Print the data below verbatim, minus images.

++++++++++++++++++++

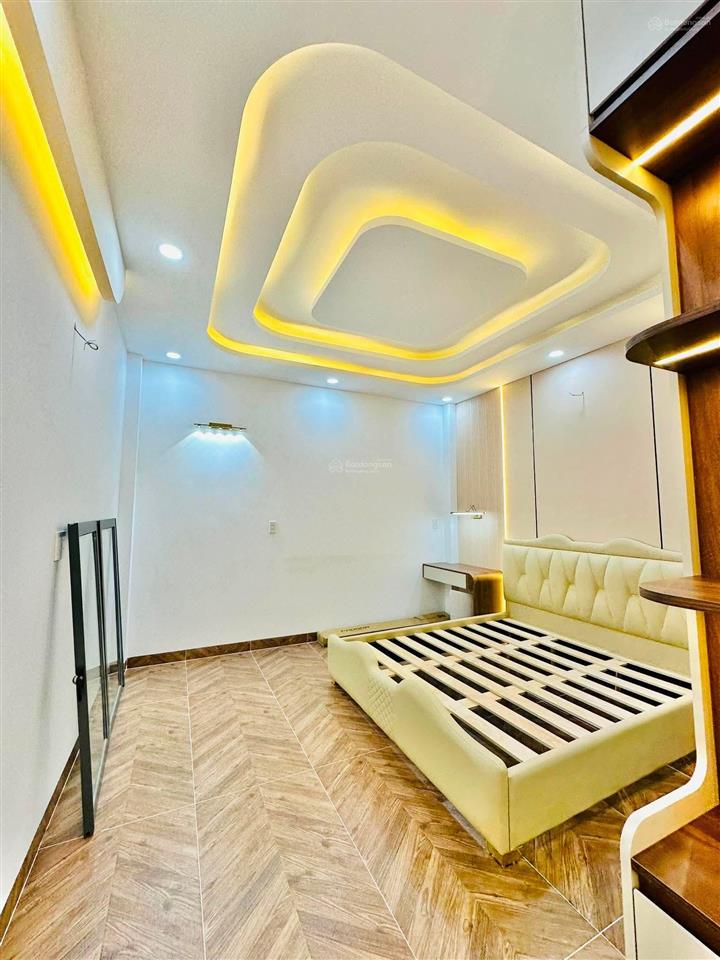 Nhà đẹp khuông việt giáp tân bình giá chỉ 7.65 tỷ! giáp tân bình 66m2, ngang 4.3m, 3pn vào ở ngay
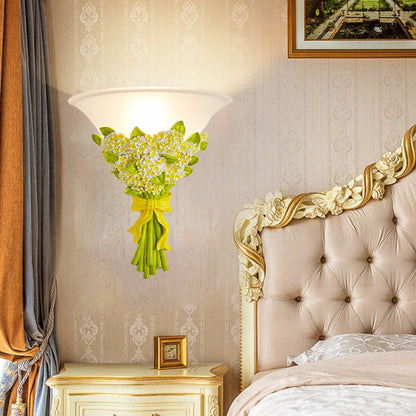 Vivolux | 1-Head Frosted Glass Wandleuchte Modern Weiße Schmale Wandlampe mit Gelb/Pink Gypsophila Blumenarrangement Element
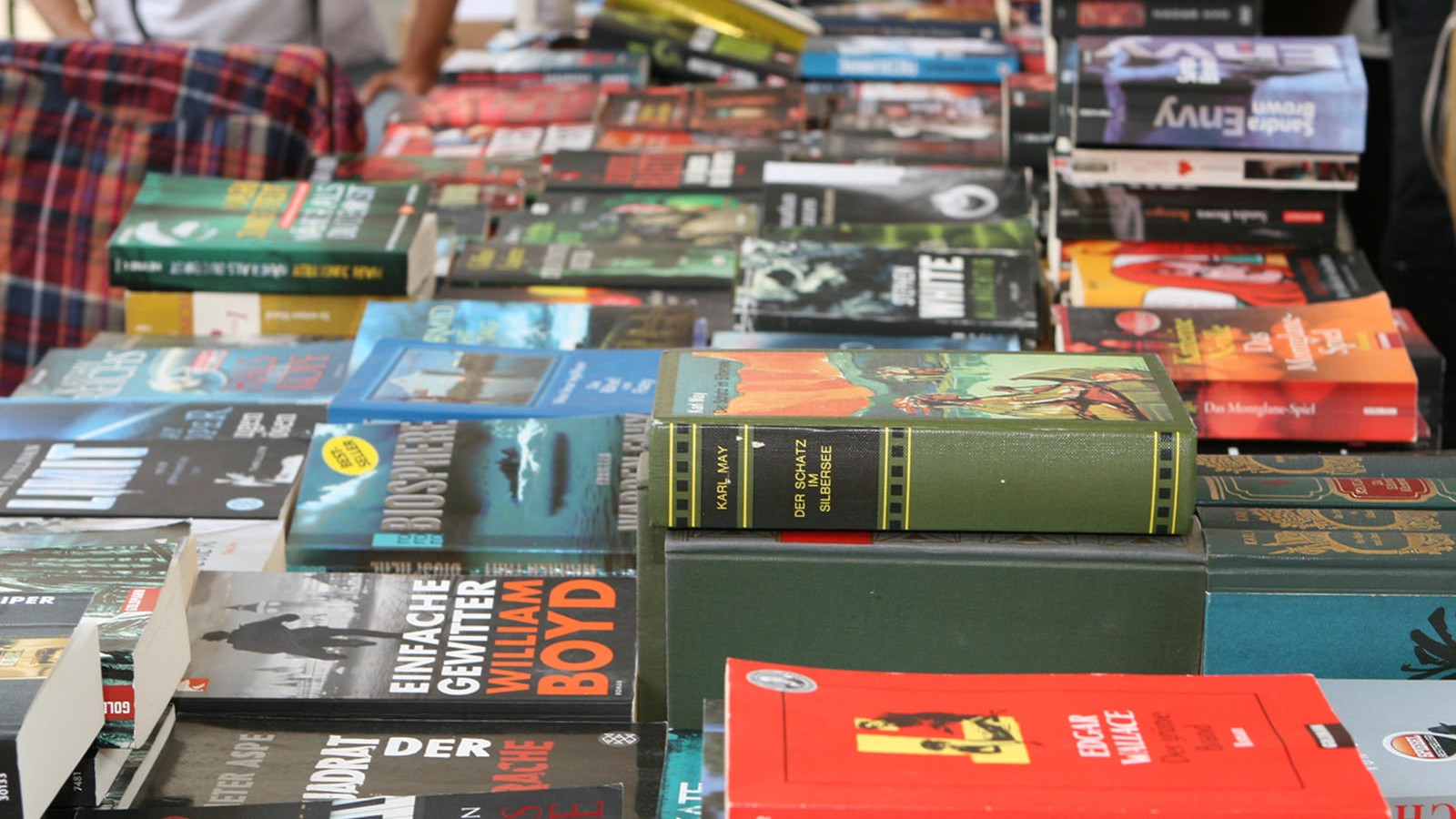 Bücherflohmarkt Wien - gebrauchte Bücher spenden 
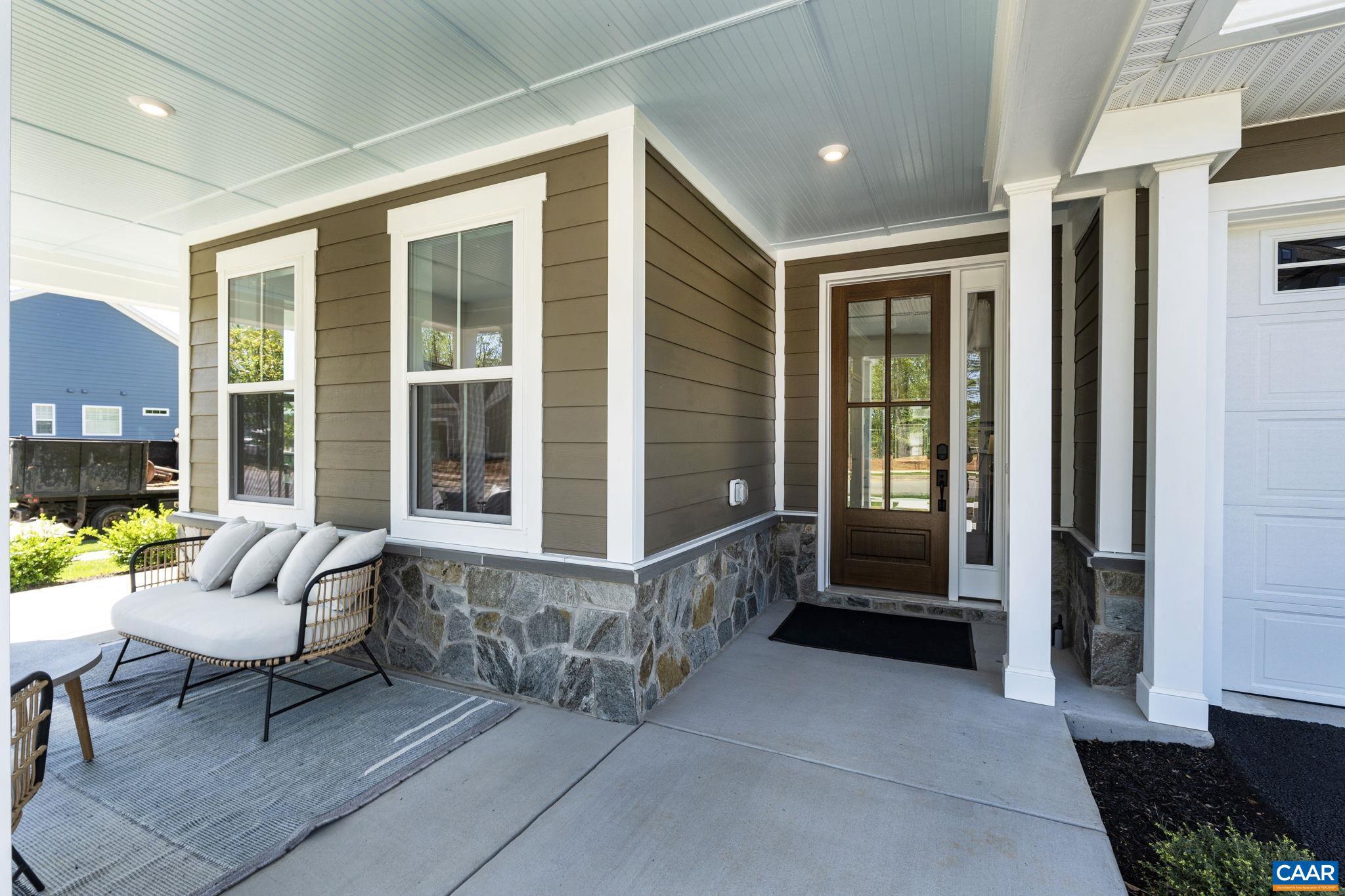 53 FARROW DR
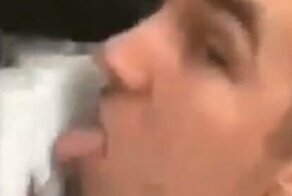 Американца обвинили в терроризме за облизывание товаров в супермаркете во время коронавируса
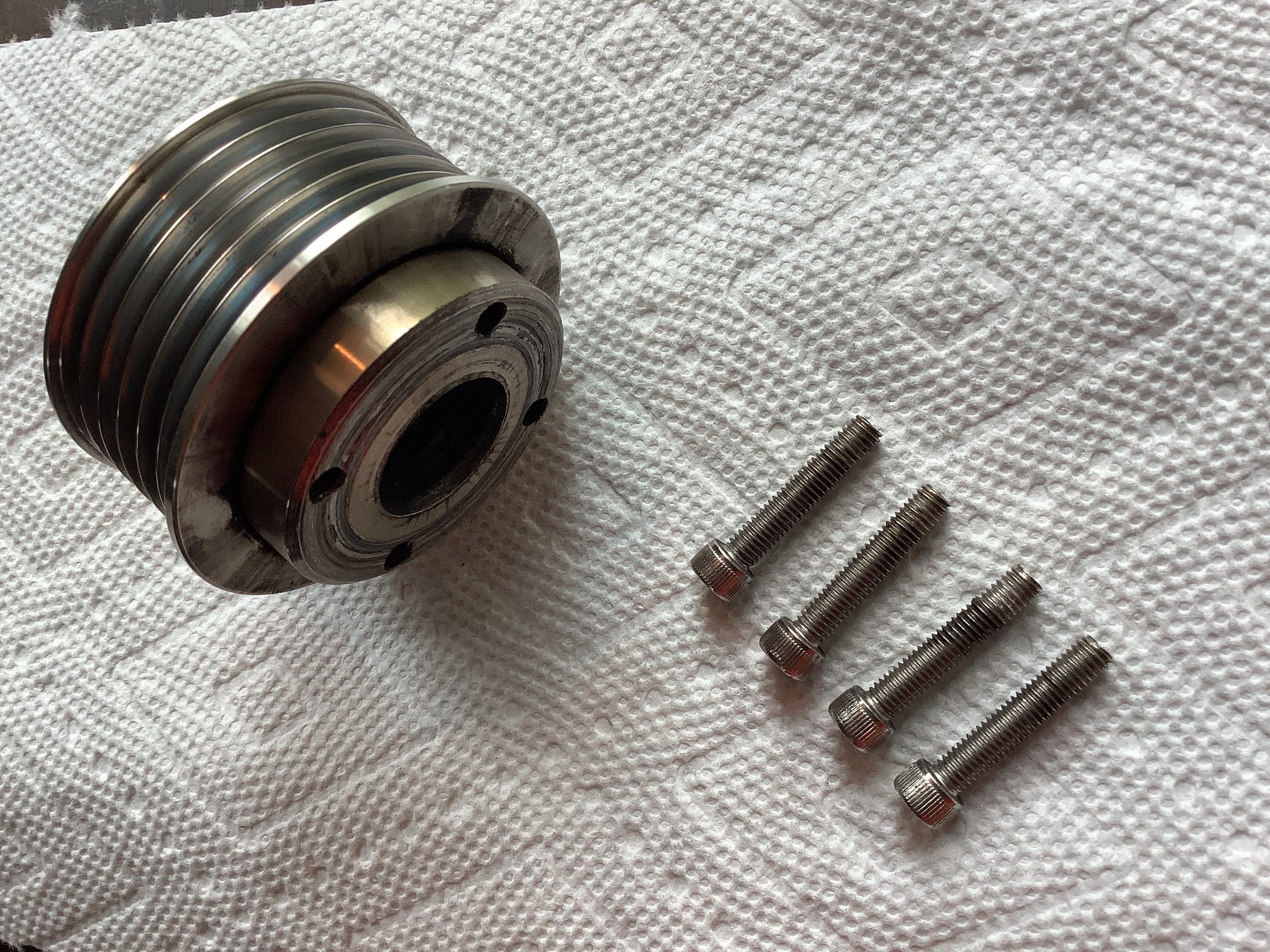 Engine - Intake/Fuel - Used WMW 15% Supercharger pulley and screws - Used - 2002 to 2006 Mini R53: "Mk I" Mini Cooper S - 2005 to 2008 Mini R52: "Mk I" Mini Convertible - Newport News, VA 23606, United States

++++++++++++++++++++

SOLUTION BELOW |
 Nhà đẹp khuông việt giáp tân bình giá chỉ 7.65 tỷ! giáp tân bình 66m2, ngang 4.3m, 3pn vào ở ngay
 Vivolux | 1-Head Frosted Glass Wandleuchte Modern Weiße Schmale Wandlampe mit Gelb/Pink Gypsophila Blumenarrangement Element
 Bücherflohmarkt Wien - gebrauchte Bücher spenden 
 53 FARROW DR
 Американца обвинили в терроризме за облизывание товаров в супермаркете во время коронавируса
 Engine - Intake/Fuel - Used WMW 15% Supercharger pulley and screws - Used - 2002 to 2006 Mini R53: "Mk I" Mini Cooper S - 2005 to 2008 Mini R52: "Mk I" Mini Convertible - Newport News, VA 23606, United States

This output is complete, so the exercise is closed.